Why Banks Stand to Benefit
Rather than losing relevance, banks could gain:
- Deposit-like digital balances via stablecoin wallets
- Interchange revenue from card spending
- Custody and compliance fee income
- New cross-border settlement revenue streams
- Treasury efficiency via blockchain rails
In the United States and Europe, regulatory clarity around stablecoins is gradually forming. If stablecoin reserves are fully backed by U.S. Treasuries and cash equivalents, banks may even become custodians of those reserves.
This transforms stablecoins from “crypto experiments” into regulated monetary extensions.
Institutional Momentum and Macro Context
Recent years have seen:
- Spot Bitcoin ETF approvals
- Increasing institutional custody infrastructure
- Treasury allocation experiments
- Central bank research into digital currencies
Stablecoins already settle trillions of dollars annually on-chain. Their transaction volume often rivals or exceeds major card networks during peak crypto cycles.
For investors seeking new revenue streams, the real opportunity may not be speculative tokens but:
- Stablecoin infrastructure providers
- Compliance automation tools
- Cross-border payroll platforms
- Blockchain-based liquidity networks
In practical terms, the “picks and shovels” of the stablecoin economy may outperform pure token speculation.

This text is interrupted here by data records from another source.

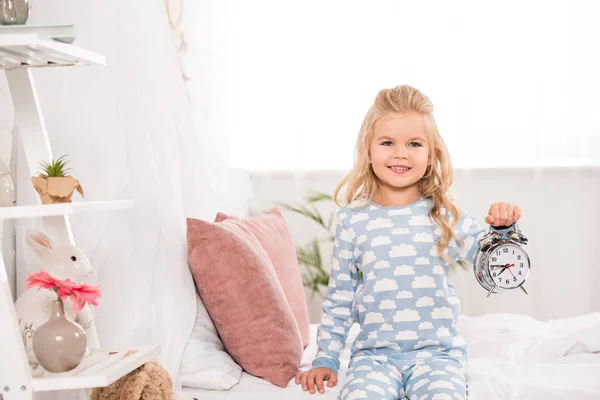 Lächelndes liebenswertes Kind, das mit Uhr auf dem Bett sitzt — Stockfoto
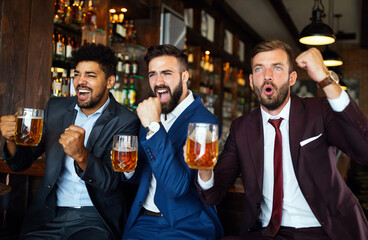 Men fans screaming and watching football on TV and drink beer in a pub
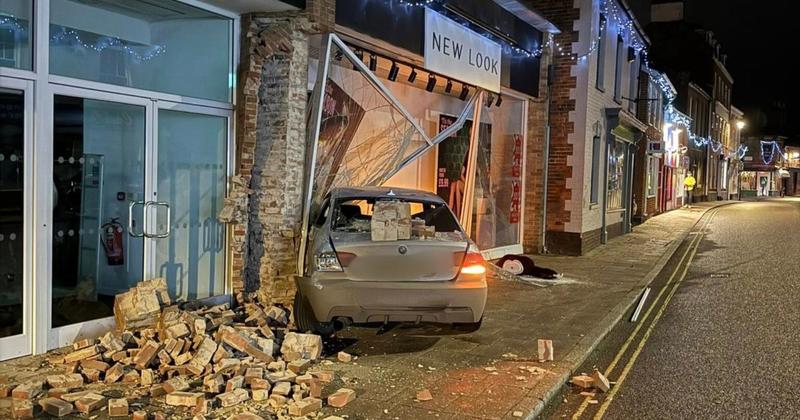 BMW smashes into fashion retailer, hurling half a mannequin into street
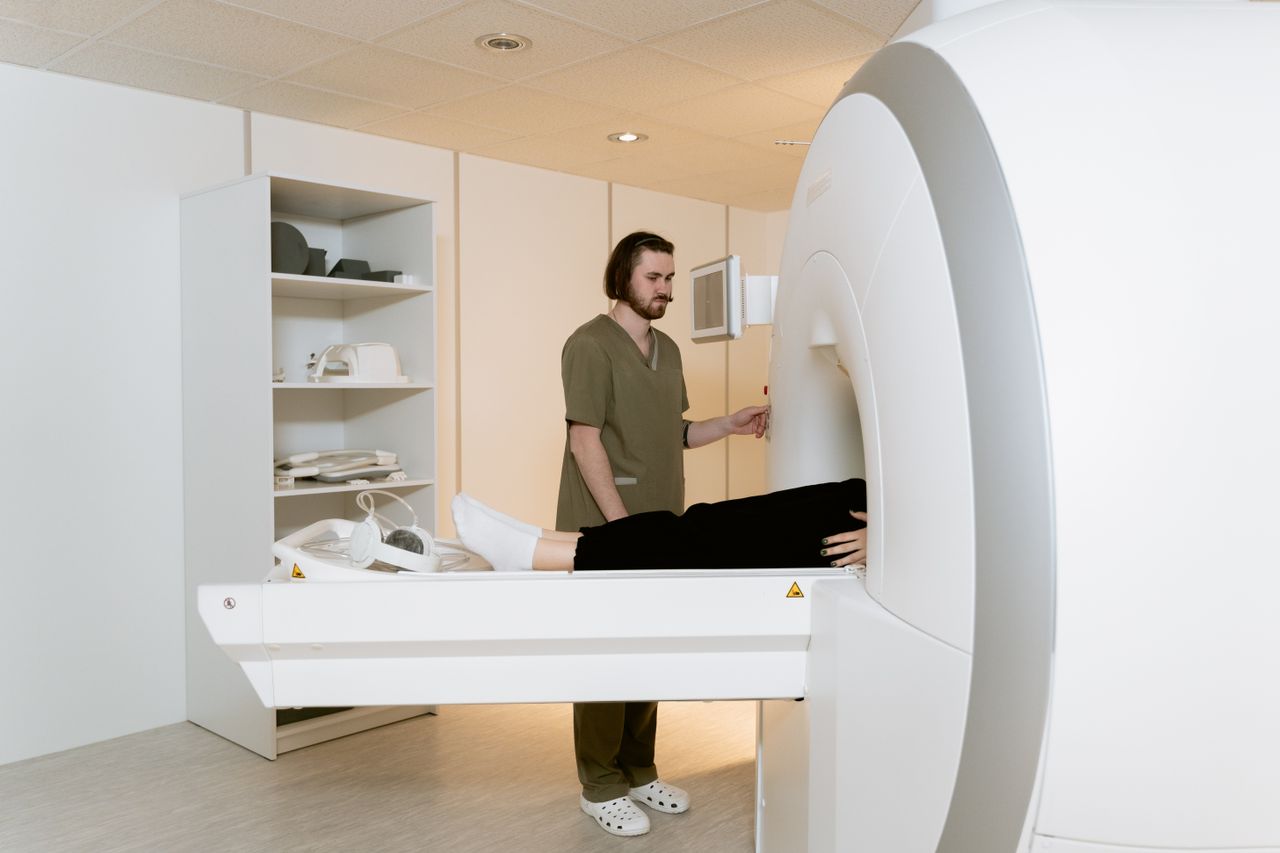 The Art of Drawing Readers In: Your attractive post title goes here Medical professional assisting a patient during an MRI scan in a hospital setting.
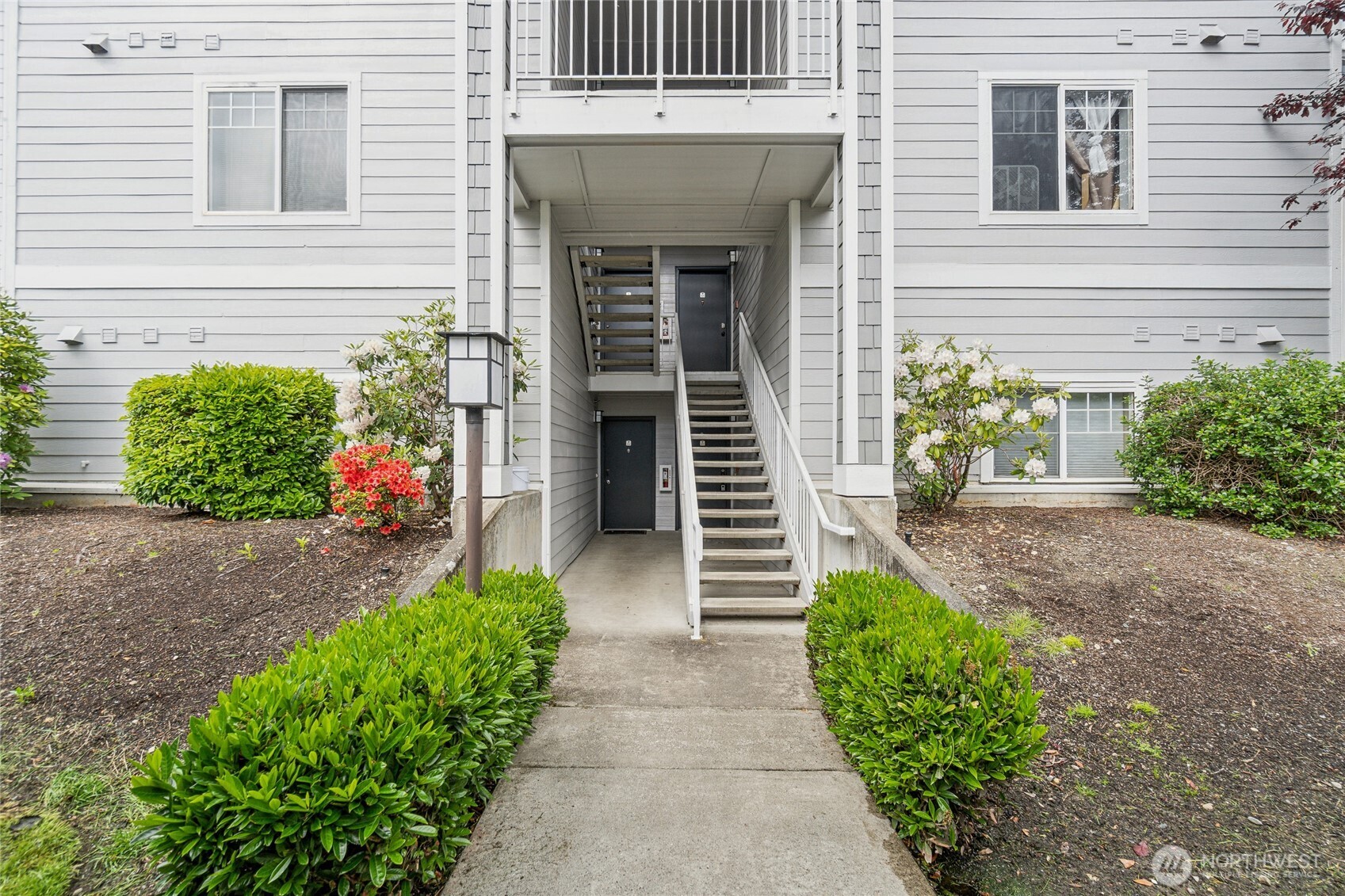 15150 140th Way Southeast, Unit T304 Renton, WA 98058 - Photo 2 of 30 a front view of a house with a yard and flowers
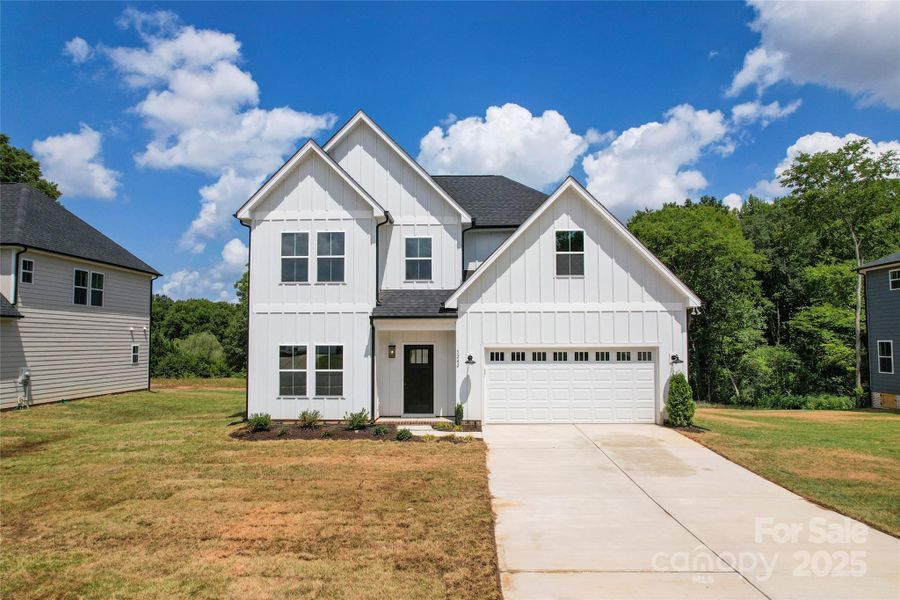 Front exterior of a new home in , Harrisburg, NC, highlighting curb appeal (Image 19).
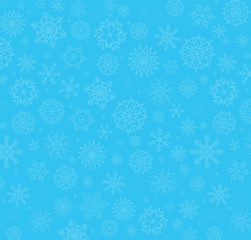 Winter blue background with fallen snowflakes.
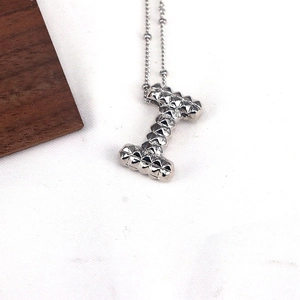 Macro detail of silver letter I pendant with stud texture on dainty beaded chain
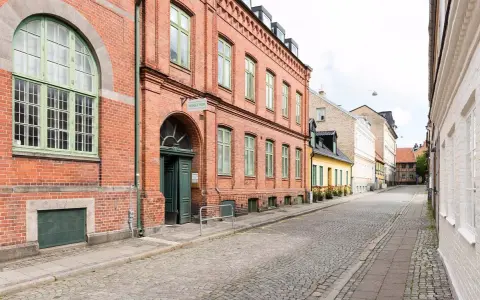 Gammalt tegelhus med gröna fönster och dörrar, en del av ett charmigt vandrarhem i Skåne. Gatsten leder längs en lugn gata.
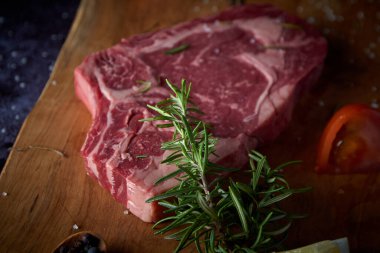 Tahta tahtada taze ve çiğ biftek, tuzlu ve koyu yüzeydeki diğer baharatlar. Biftek ızgaraya hazır. Kara yemek. Et, domates, biber, limon ve biberiye..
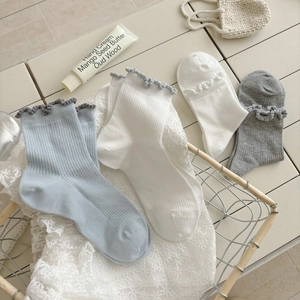 Women's ruffle trim cotton crew socks in blue white and grey soft ribbed texture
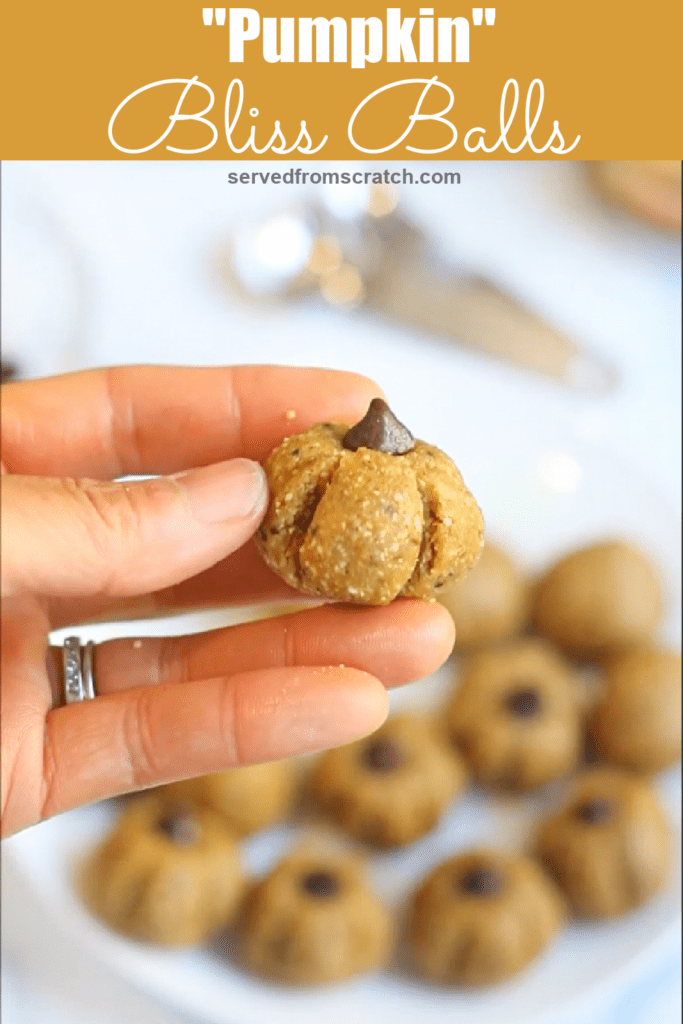 a hand holding a pumpkin shaped bliss ball with Pinterest pin text.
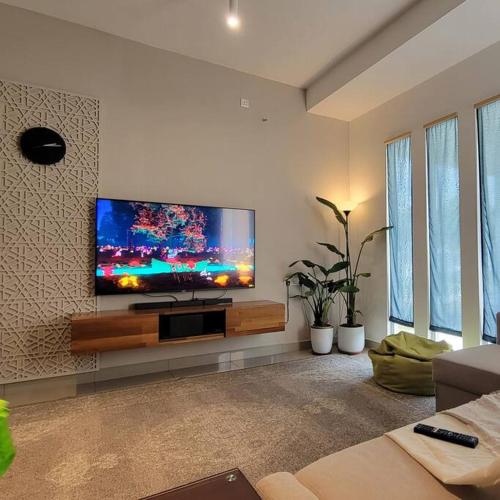a living room with a flat screen tv on a wall at LakeHomes 10 min to LEGOLAND in Gelang Patah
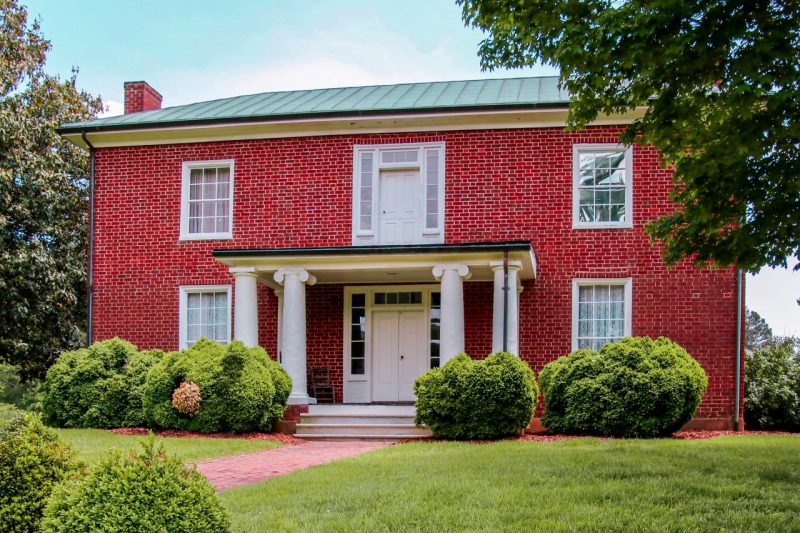 A old brick house with white pillars.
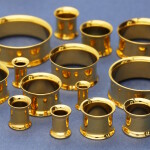 Gold double flared Stahl Flesh Tunnel 10 mm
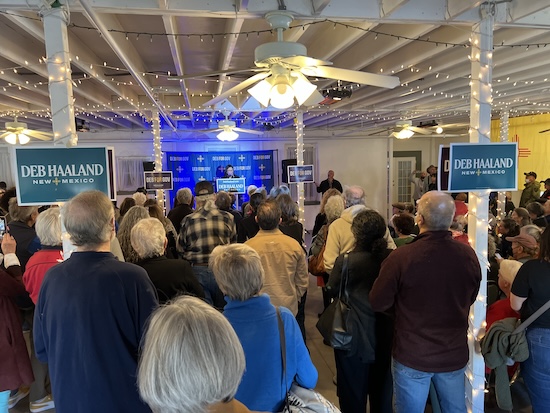 A group of people stands in a room listening to Deb Haaland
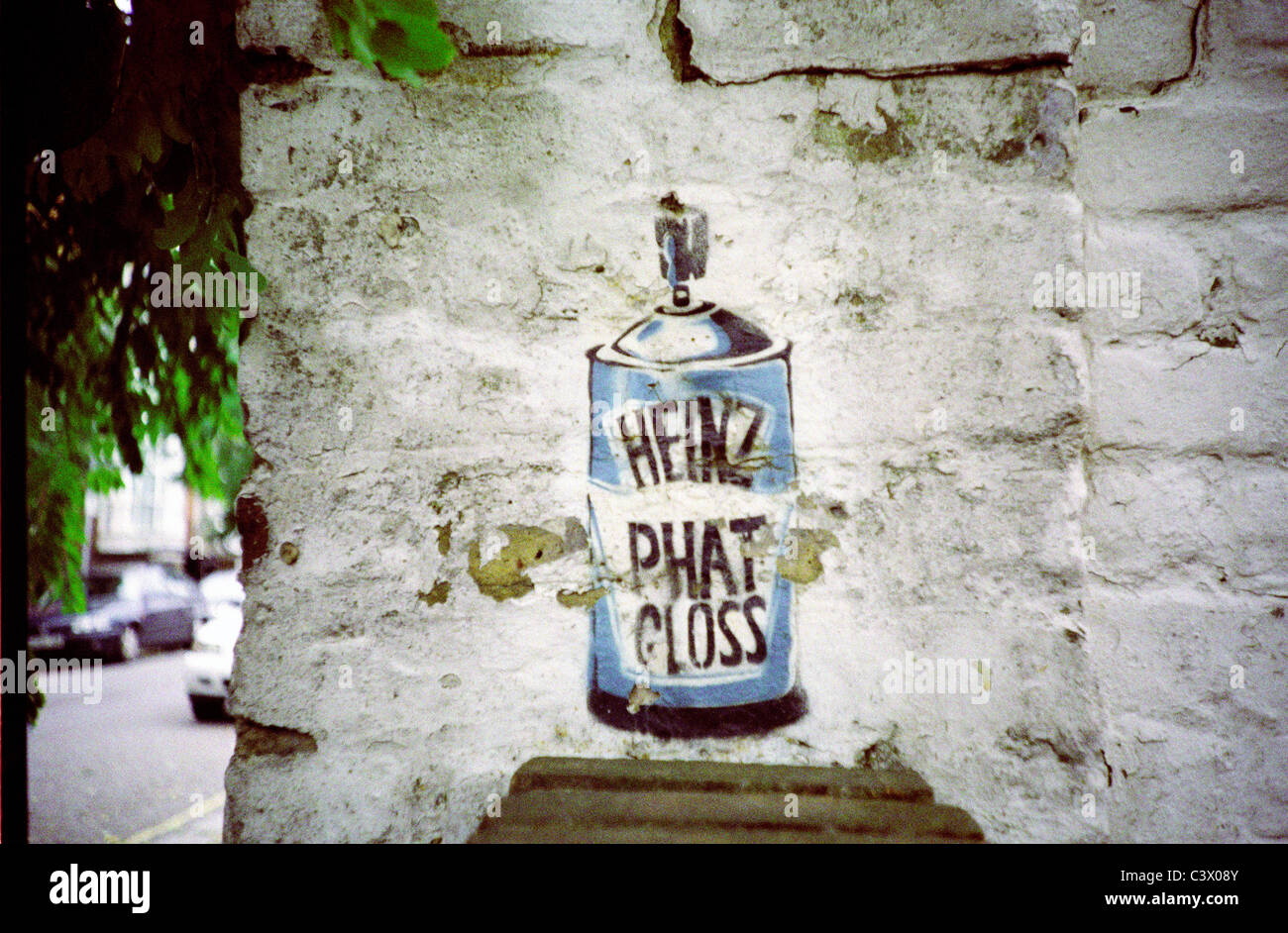 Colour grafitti stencil, Heinz Phat Gloss, on wall in Kensal Rise Stock Photo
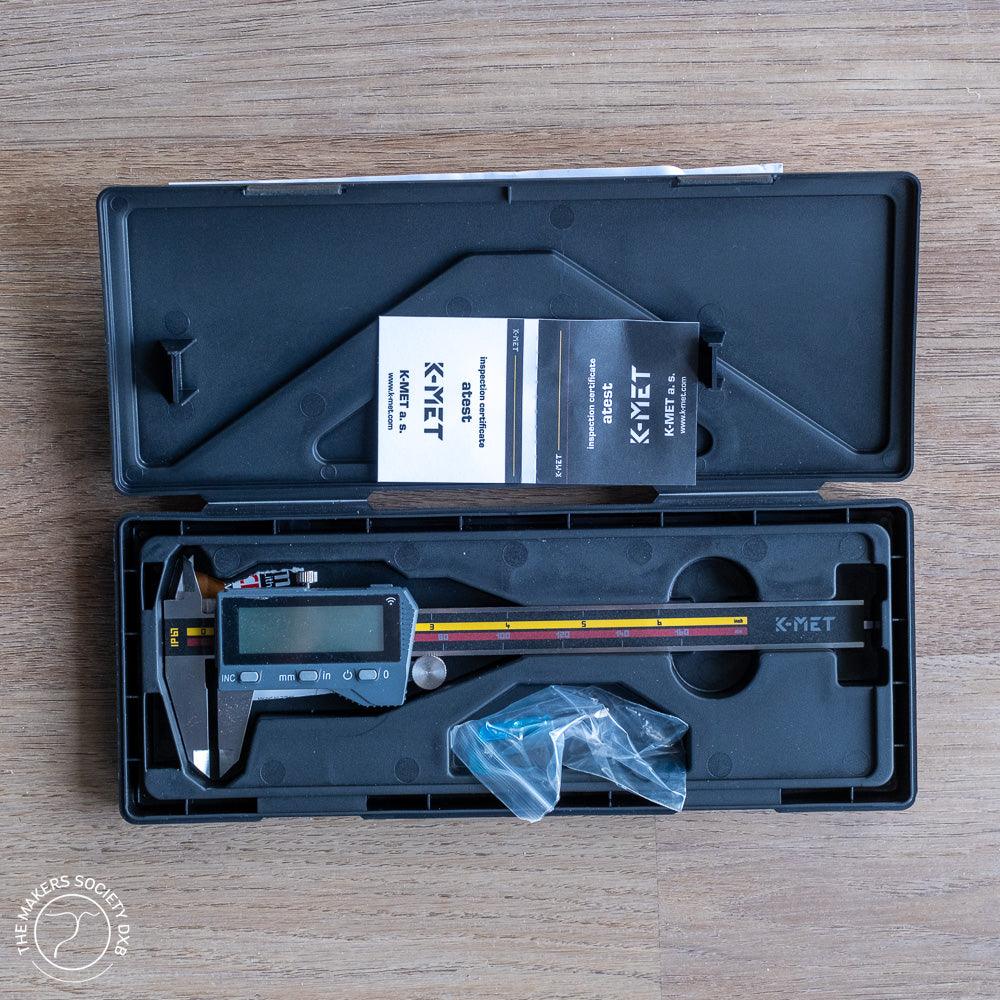 Digital caliper with IP67 rating in open black plastic case, including inspection certificates and accessories on wooden surface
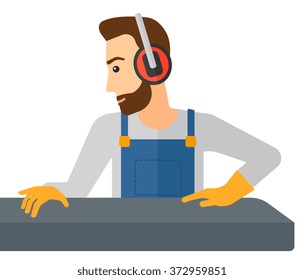 Man working on steel-rolling mill.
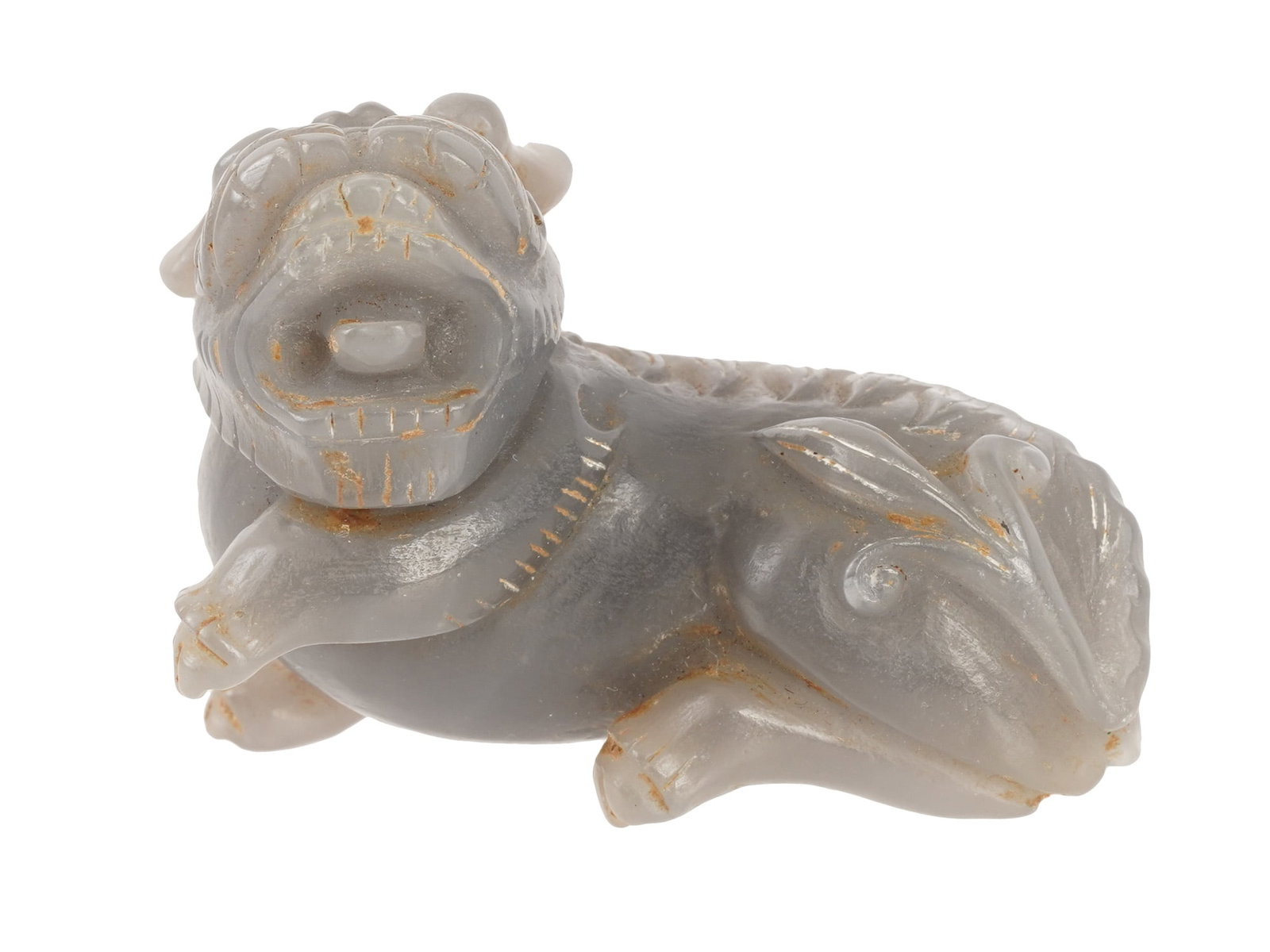 CHINESE HAND CARVED JADE PIXIU FIGURINE: A Chinese hand carved jade figurine depicts a recumbent mythical beast, possibly a bixie or pixiu. The creature is modeled with its head turned sharply to the left, featuring an open mouth, prominent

Competitive Landscape: Banks vs Fintech vs Crypto-Native Platforms
The survey suggests users are not ideologically attached to decentralization. They prioritize:
- Trust
- Security
- Ease of use
- Regulatory clarity
If banks deliver seamless stablecoin integration, they may outcompete pure crypto exchanges for everyday financial usage.
However, fintech companies and crypto-native firms retain advantages:
- Faster product iteration
- Global-first mindset
- Developer ecosystems
- On-chain innovation speed
The next decade may produce a blended financial stack:
Bank compliance + Crypto rails + Fintech UX.
Risk Considerations
Despite optimism, risks remain:
- Regulatory fragmentation
- Stablecoin de-pegging events
- Custody vulnerabilities
- Over-reliance on single reserve assets
- AML/KYC burdens
For stablecoins to fully integrate into banking systems, risk management must evolve alongside innovation.
Strategic Outlook
For entrepreneurs and investors interested in:
- Blockchain’s practical applications
- Cross-border revenue optimization
- Digital payment infrastructure
- Yield generation in treasury management
Stablecoins may represent the most scalable and regulatory-aligned entry point.
The survey’s 77% figure is not just a statistic. It signals readiness for integration between traditional banking and blockchain-based dollar systems.
Conclusion
The narrative that crypto and banks are adversaries is becoming outdated. Survey data indicates that users prefer integration over replacement.
With 77% willing to open bank-issued crypto wallets, 71% ready to use stablecoin debit cards, and freelancers overwhelmingly benefiting from blockchain payments, stablecoins are no longer peripheral instruments.
They are evolving into core financial infrastructure.
For those seeking the next phase of blockchain monetization, the stablecoin-banking convergence may define the coming decade.